# EXTRACTED MATERIAL
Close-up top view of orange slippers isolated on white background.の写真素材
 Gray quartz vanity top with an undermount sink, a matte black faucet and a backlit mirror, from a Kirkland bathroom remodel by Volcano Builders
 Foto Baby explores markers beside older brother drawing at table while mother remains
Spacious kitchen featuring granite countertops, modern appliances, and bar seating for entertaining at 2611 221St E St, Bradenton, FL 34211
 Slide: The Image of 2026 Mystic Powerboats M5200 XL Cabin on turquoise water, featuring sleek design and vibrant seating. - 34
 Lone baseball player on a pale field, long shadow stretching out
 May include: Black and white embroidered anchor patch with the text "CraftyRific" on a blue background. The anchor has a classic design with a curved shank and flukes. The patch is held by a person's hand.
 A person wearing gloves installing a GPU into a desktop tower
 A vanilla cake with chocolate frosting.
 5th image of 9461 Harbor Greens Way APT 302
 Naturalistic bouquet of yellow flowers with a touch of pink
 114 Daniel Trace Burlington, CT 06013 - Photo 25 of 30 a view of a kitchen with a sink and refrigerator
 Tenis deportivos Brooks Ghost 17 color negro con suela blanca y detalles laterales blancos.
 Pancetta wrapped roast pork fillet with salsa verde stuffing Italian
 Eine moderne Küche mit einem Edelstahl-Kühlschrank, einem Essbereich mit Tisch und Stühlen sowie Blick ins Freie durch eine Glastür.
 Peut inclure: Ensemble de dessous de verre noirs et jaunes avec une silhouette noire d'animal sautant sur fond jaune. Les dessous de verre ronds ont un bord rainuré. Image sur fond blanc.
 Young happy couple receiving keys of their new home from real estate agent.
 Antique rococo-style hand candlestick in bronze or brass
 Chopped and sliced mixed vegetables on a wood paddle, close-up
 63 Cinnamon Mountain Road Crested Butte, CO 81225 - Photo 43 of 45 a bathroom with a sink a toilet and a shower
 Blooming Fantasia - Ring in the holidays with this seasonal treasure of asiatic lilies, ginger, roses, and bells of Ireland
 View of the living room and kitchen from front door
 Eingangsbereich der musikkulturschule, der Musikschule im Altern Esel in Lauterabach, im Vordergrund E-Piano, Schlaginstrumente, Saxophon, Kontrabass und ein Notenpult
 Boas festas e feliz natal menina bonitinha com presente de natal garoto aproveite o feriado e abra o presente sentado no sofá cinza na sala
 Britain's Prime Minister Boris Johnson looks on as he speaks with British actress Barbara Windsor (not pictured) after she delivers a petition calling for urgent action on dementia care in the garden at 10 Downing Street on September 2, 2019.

# WHAT THIS TASK INVOLVES
Every line of the records above needs to be given again exactly.

# SOLUTION
Close-up top view of orange slippers isolated on white background.の写真素材
 Gray quartz vanity top with an undermount sink, a matte black faucet and a backlit mirror, from a Kirkland bathroom remodel by Volcano Builders
 Foto Baby explores markers beside older brother drawing at table while mother remains
Spacious kitchen featuring granite countertops, modern appliances, and bar seating for entertaining at 2611 221St E St, Bradenton, FL 34211
 Slide: The Image of 2026 Mystic Powerboats M5200 XL Cabin on turquoise water, featuring sleek design and vibrant seating. - 34
 Lone baseball player on a pale field, long shadow stretching out
 May include: Black and white embroidered anchor patch with the text "CraftyRific" on a blue background. The anchor has a classic design with a curved shank and flukes. The patch is held by a person's hand.
 A person wearing gloves installing a GPU into a desktop tower
 A vanilla cake with chocolate frosting.
 5th image of 9461 Harbor Greens Way APT 302
 Naturalistic bouquet of yellow flowers with a touch of pink
 114 Daniel Trace Burlington, CT 06013 - Photo 25 of 30 a view of a kitchen with a sink and refrigerator
 Tenis deportivos Brooks Ghost 17 color negro con suela blanca y detalles laterales blancos.
 Pancetta wrapped roast pork fillet with salsa verde stuffing Italian
 Eine moderne Küche mit einem Edelstahl-Kühlschrank, einem Essbereich mit Tisch und Stühlen sowie Blick ins Freie durch eine Glastür.
 Peut inclure: Ensemble de dessous de verre noirs et jaunes avec une silhouette noire d'animal sautant sur fond jaune. Les dessous de verre ronds ont un bord rainuré. Image sur fond blanc.
 Young happy couple receiving keys of their new home from real estate agent.
 Antique rococo-style hand candlestick in bronze or brass
 Chopped and sliced mixed vegetables on a wood paddle, close-up
 63 Cinnamon Mountain Road Crested Butte, CO 81225 - Photo 43 of 45 a bathroom with a sink a toilet and a shower
 Blooming Fantasia - Ring in the holidays with this seasonal treasure of asiatic lilies, ginger, roses, and bells of Ireland
 View of the living room and kitchen from front door
 Eingangsbereich der musikkulturschule, der Musikschule im Altern Esel in Lauterabach, im Vordergrund E-Piano, Schlaginstrumente, Saxophon, Kontrabass und ein Notenpult
 Boas festas e feliz natal menina bonitinha com presente de natal garoto aproveite o feriado e abra o presente sentado no sofá cinza na sala
 Britain's Prime Minister Boris Johnson looks on as he speaks with British actress Barbara Windsor (not pictured) after she delivers a petition calling for urgent action on dementia care in the garden at 10 Downing Street on September 2, 2019.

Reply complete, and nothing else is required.